Contrary to the refrain in Julia Moskin’s glass-half-full piece, A Change in the Kitchen, I still do believe that gender issues matter in the professional kitchen. (I also think she may have left out a question mark in her title.)
I’m well aware that this might not raise my standings on the popularity scale. I’ve already concluded that a few women find my questions unbecoming and would rather I sit down and make nice. Don’t get me wrong, I want to be grateful but I’m worried that the conclusions drawn are rushed.
It’s not the first time I’ve read a young woman repeating that gender is a non-issue in the contemporary professional kitchen. Stephanie Prida, pastry chef at the California restaurant Manresa, did it first in issue nine of Lucky Peach. Both essays made me pause. If it doesn’t matter, is the issue dead or tired? Is it another case of social justice receiving an apathetic response? Is it a form of gender rejection, a means by which women sanction the status quo? Is it meant to stifle and shame naysayers like myself? Have we reached the nirvana of a problem solved?
Or is it, as Christine Muhlke suggests in her Lucky Peach piece, something new? Is the professional kitchen “having a feminist moment” as Kerry Diamond of Cherry Bombe suggests? Are young woman looking to reframe the issue of gender? Do they just want to get on with the business of promoting their own needs, hedging their bets that in the end all will be served? Is the young industry moving and changing in ways that I’m too old to recognize?
What I’m certain of is that it still matters for me. And I’m not alone. This past summer the British chef Margot Henderson asked our industry’s leading thinkers and innovators gathered at the MAD 3 conference in Copenhagen: “Where are all the women chefs?”
There’s an advantage to being a female chef in my 50's. I have the long view, am currently not engaged in the taxing activity of advancing a young career, and am old enough to question authority and worry little about the consequences.
There’s something deeply personal going on as well. I never made it to the position of executive chef. I opted out. I was “the power behind the throne.” I beat a retreat to the pink ghetto where conditions were improving as a result of critical mass.

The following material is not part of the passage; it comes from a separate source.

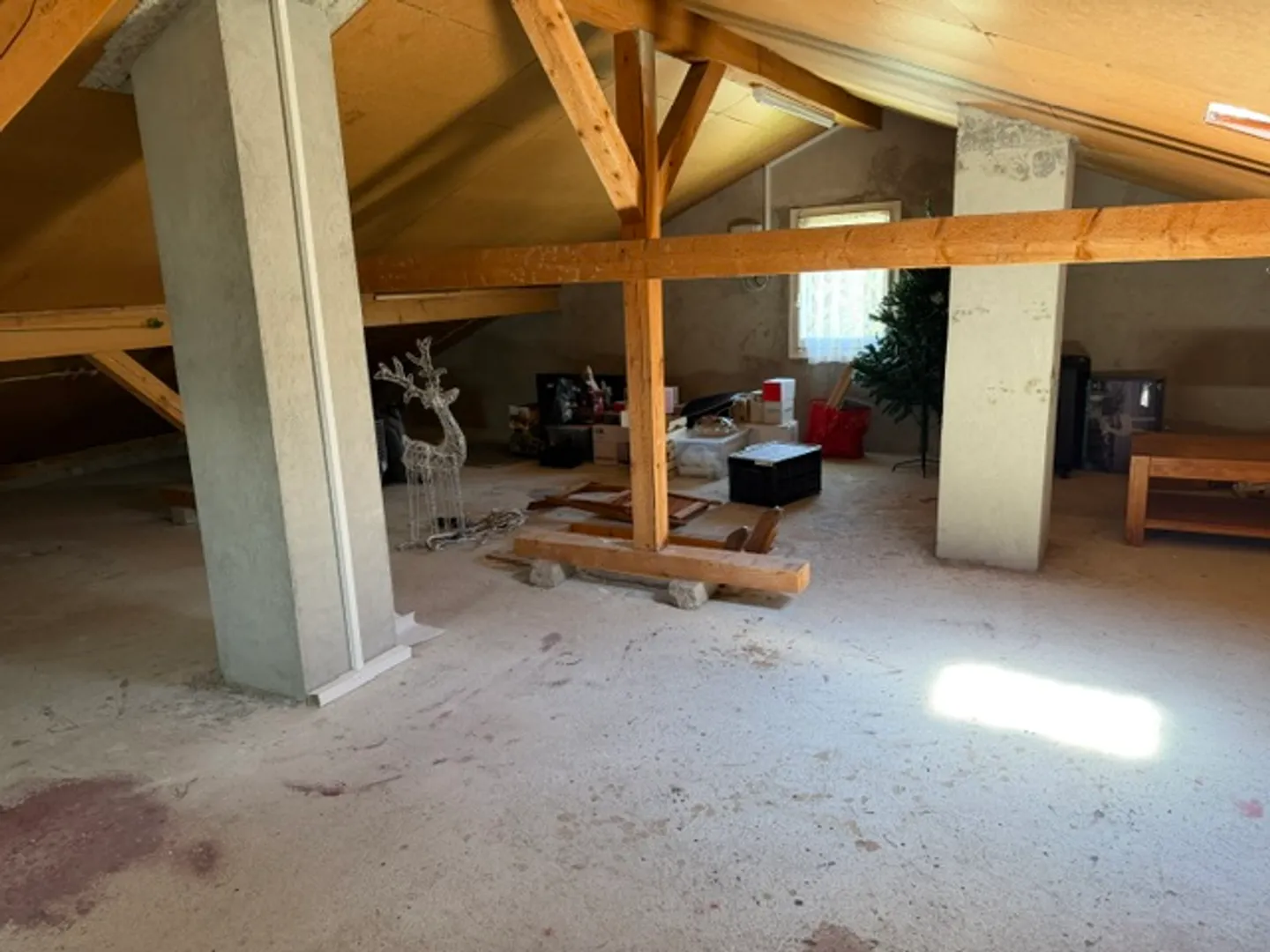 4.5 Room House - Photo 11 of 14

It was my professional DNF (did not finish) and I regret not possessing the courage and fortitude to make that final push.
In 2010/11 I undertook research to determine if gender played a role in the career expectations of culinary students. An important initial step in the process was defining context. We narrowed the survey to include only students enrolled in culinary programs, knowing that female friendly corners of the industry—pastry, event planning, public relations—would seriously skew our results and obscure our view into the kitchen.
I remain interested in women in clogs, holding knives, and stirring steaming pots, at gas ranges, in restaurant or hotel kitchens—the women whose career is stuck between garde manger and the executive chefs office. I’m leaving out pastry and those sectors covered by Sue Chan’s Toklas Society. Critical mass is a key component of progress and real change.
I scribbled many notes related to research in the margins of Moskin’s piece. I found the phrase “highest-earning kitchens” confusing. Did this refer to wages or restaurant income? It’s not a moot point given that pay equity is a central issue in gender equality. I wondered why Moskin opens with DeSteno’s promotion and then a few paragraphs later writes: “A leading kitchen run by a woman is no longer newsworthy.” I was curious about the “statistics and interviews” that support the idea that women will be the “next generation of leaders”? I wanted to know what defined both “culinary staff” in the large survey she refers to and Altamarea’s statement that “50 percent of cooks” in their employ were women. Did those figures include the pink ghetto? Call me cynical but for the life of me I couldn’t project the promotion of a single woman into an executive chefs position onto the industry as a whole.
I do think that DeSteno is right in suggesting that good kitchens are fertile grounds for change. The issue requires public leadership—from the top. I cleave to chef Gabrielle Hamilton’s idea that it needs to be an inside job. We need David Chang, Rene Redzepi, Alex Atala and their like to bear witness to our absence.
I want proof that “one’s sex has nothing to do with the real work of a chef.” Research that answers questions like: What increase has there been in female executive chef numbers since 20-First, the international organization committed to gender balance in business, made its 2011 projection of 10 percent? How does gender equality in the professional kitchen compare to other sectors? What is the ratio, using the frame of reference I outline above, of women to men in professional kitchens? Is the employment spread—meaning stations in the kitchen hierarchy—equal? Are promotion and wages equitable? Are kitchens with HR gender diversity policies in better shape than those without? (Policy dies without action.) Do women taking paid maternity leave return to the same position on the line?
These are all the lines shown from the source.